Lalo Complete Piano Trios MDG

Déjà Review: this review was first published in September 2003 and the recording is still available.

Edouard Lalo (1823-1892)
Complete Piano Trios
Piano Trio No.1, in C minor Op.7 (c.1850-52)
Piano Trio No.2, in B minor, Op.2 (c.1850-52)
Piano Trio No.3, in A minor, Op.26 (1880)
Trio Parnassus 
rec. 1992, Furstliche Reitbahn, Bad Arolsen, Germany
MDG 3030482-2 [78]

A contemporary of the great masters Robert Schumann and Johannes Brahms, the French composer Lalo was a most admired composer in his day. Lalo’s Symphonie espagnole, for violin and orchestra is now his most recorded and performed work by quite a distance, with over a dozen versions in the current catalogue. The Cello Concerto has also several available recordings together with one or two versions of the violin concerto, the Concert Russe, the Piano Concerto and his Symphony in C minor which is available occasionally. As the majority of these recordings have been in the catalogue for some years, I sense that Lalo has become rather unfashionable of late. In fact I cannot recall when I last saw a Lalo composition programmed in a UK concert or recital programme.

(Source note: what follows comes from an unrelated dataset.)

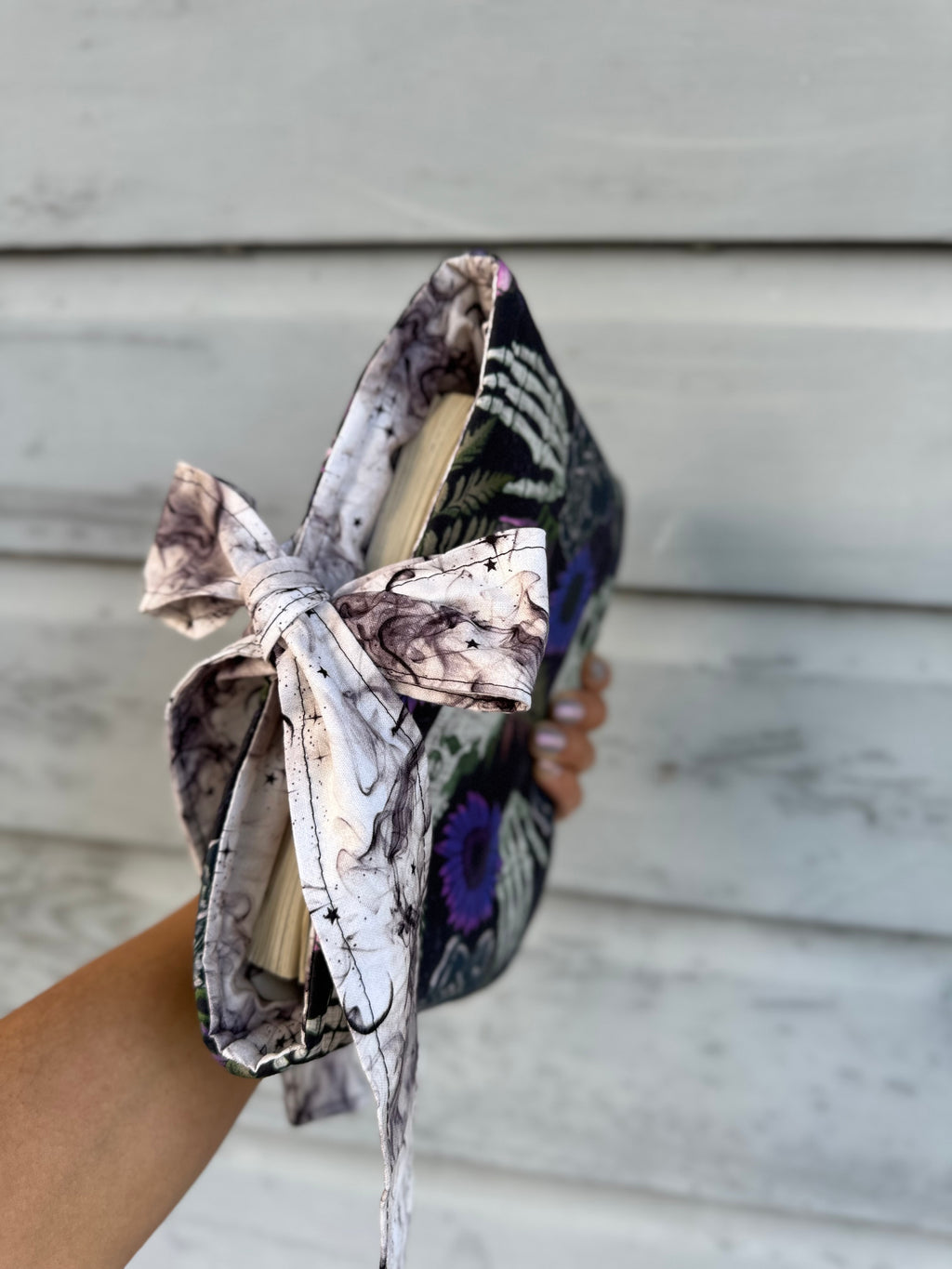 Skeleton fabric book sleeve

Lalo was one of the nineteenth century composers drawn to the composition of sumptuous orchestral and virtuoso works. Yet as a member of a string quartet, in which he played the viola and later the violin, he was also able to show his versatility as a composer in the more intimate genre of chamber music and composed a successful string quartet in 1859 rev.1880. Conversely Lalo had already joined the trend away from the string quartet towards the trio – a medium which featured an increasingly prominent role for the piano. With his two piano trios composed around 1850-52 Lalo became one of the first French composers to write for this combination and he went onto produce a third trio almost thirty years later.

The four-movement form of the trios follows the Germanic model of his contemporaries Schumann and Brahms with a sound world somewhere between Mendelssohn and Schumann. Unlike Lalo’s orchestral and concertante works which I often find too predictable and sweet-toothed for my taste, these engaging and colourful piano trios have an enormous vitality, combined with a certain grittiness which took me by surprise. The only drawback for me is Lalo’s failure to state memorable themes, which is probably the reason that these works have not remained in the repertoire unlike those piano trios of Mendelssohn, Schumann and Brahms.

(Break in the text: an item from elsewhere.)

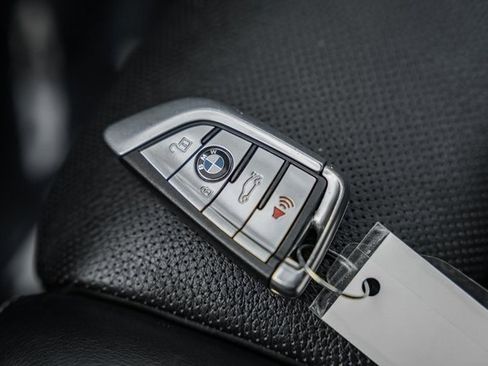 Used 2018 BMW 750i xDrive image 45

The talented Trio Parnassus are most persuasive, conveying a marvellous spirit which gives sparkle and joy to the proceedings. I particularly like how the players demonstrate an attentive ear for one another together with enviable individual élan. Chai Chow is a marvellous chamber pianist, always in control, leading the trio forward with tremendous assurance. We are not informed what make of piano Chai Chow is playing but the tone is superb. This is heard to great effect in the finale of the Piano trio No. 1, on track 4, point 0:46. The string players too give really fine performances, clearly relishing the challenge, offering a gorgeous sound and marvellously in tune. A fine example of their beautiful string playing is heard in the allegro sectionof the Piano Trio No. 2, on track 5, first from cellist Michael Gross at point 1:35, shortly followed by the violin of Wolf-Dieter Steicher at point 1:57.

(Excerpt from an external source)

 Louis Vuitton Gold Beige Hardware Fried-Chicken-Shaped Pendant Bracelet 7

I am familiar with the only two comparative versions of these three piano trios that I understand to be currently available in the catalogue. There is a version from the Trio Salomon on Meridian CDE84437 and secondly a superior set of the two from the Barbican Trio on ASV CDDCA899. Neither of the Meridian and ASV recordings can, I feel, compete with the style and vitality of this version from the Trio Parnassus, which I now consider to be the premier recommendation.

This was recorded back in 1992 and although we are not told I would guess that these works may have been previously released. I have come across the Trio Parnassus on record a couple of times previously and they are clearly a most talented ensemble giving impressive readings of these attractive Lalo works. The sound quality from MDG is very fine, if just lacking a touch of transparency at the expense of warmth and the booklet notes are informative but perhaps, somewhat too technical in parts.

This is a most beautiful and appealing release, guaranteed to please chamber music lovers.